En franchissant la ligne à Morzine, Chris Froome a esquissé un très léger sourire. Toujours dans la retenue, surtout en public, et encore davantage tant que la course n’est pas véritablement terminée. Ce n’est qu’à partir de ce soir qu’il pourra se lâcher, en petit comité et loin des caméras. Et profiter comme il se doit d’une troisième victoire dans le Tour qui veut dire beaucoup.

Le méchant devenu gentil

En 2013 puis en 2015, lors de ses deux premières victoires finales, il avait eu droit à toutes les critiques et à toutes les suspicions. Ses performances étaient invraisemblables, son équipe cadenassait la course, il passait ses journées à regarder ses pieds ou son SRM, on ne saura jamais, et il dégageait une sympathie toute relative. Et cette année, si peu de choses ont changé. Mais Froome s’est montré sous un nouveau jour : plus humain et plein de panache. Assez pour faire évoluer son image. Le méchant est devenu le gentil face à des concurrents d’un ennui terrible. Une descente improbable vers Bagnères-de-Luchon a été le premier signe que le Britannique ne ferait pas de ce Tour 2016 un remake des précédents. Il a voulu être celui qui fait la course, et il s’y est employé à la perfection. Voir un Maillot Jaune sortir à moins de quinze kilomètres de l’arrivée sur une étape de plaine, comme il l’a fait à Montpellier, on ne l’avait pas vu depuis un moment. Lui l’a fait. Ca valait un peu le coup pour les quelques secondes qu’il a grappillé, et beaucoup pour l’émotion qu’a suscité ce final inattendu.

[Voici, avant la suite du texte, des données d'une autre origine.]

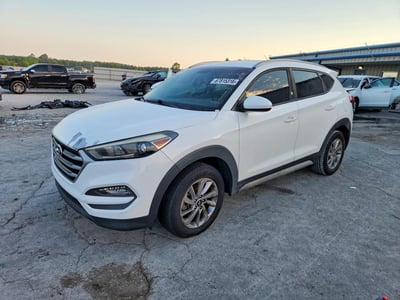 KM8J3CA41JU****** 2018 Hyundai Tucson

« Froomey » aurait sans doute encore gagné en popularité si dans le Ventoux, on ne lui avait pas rendu son temps perdu, une minute et quarante secondes au total, après qu’une moto a brisé son vélo. Avec la marge dont il disposait sur ses adversaires, il aurait quand même gagné le Tour. Mais c’est dans ces moments que la rigidité de la Sky reprend le dessus : rien ne méritait pour le clan britannique de faire une croix sur cette avance acquise au terme des douze premiers jours de course. Et Froome lui-même était finalement plus tranquille avec ce petit matelas. Il a pu gérer tranquillement la dernière semaine pour venir profiter, ce dimanche après-midi, d’un troisième succès à Paris. Entre-temps, il n’aura pas manqué de feinter une attaque dans le Grand Colombier, de répondre en français à beaucoup d’interviews et même d’offrir un maillot dédicacé au futur retraité Gérard Holtz. Chris Froome est un mec bien, on le sait depuis longtemps. Mais les doutes qui pesaient sur lui faisaient jusque-là passer au second plan sa personnalité. Aujourd’hui, alors qu’il s’est montré tout aussi dominateur que ces trois dernières semaines, tout semble si différent.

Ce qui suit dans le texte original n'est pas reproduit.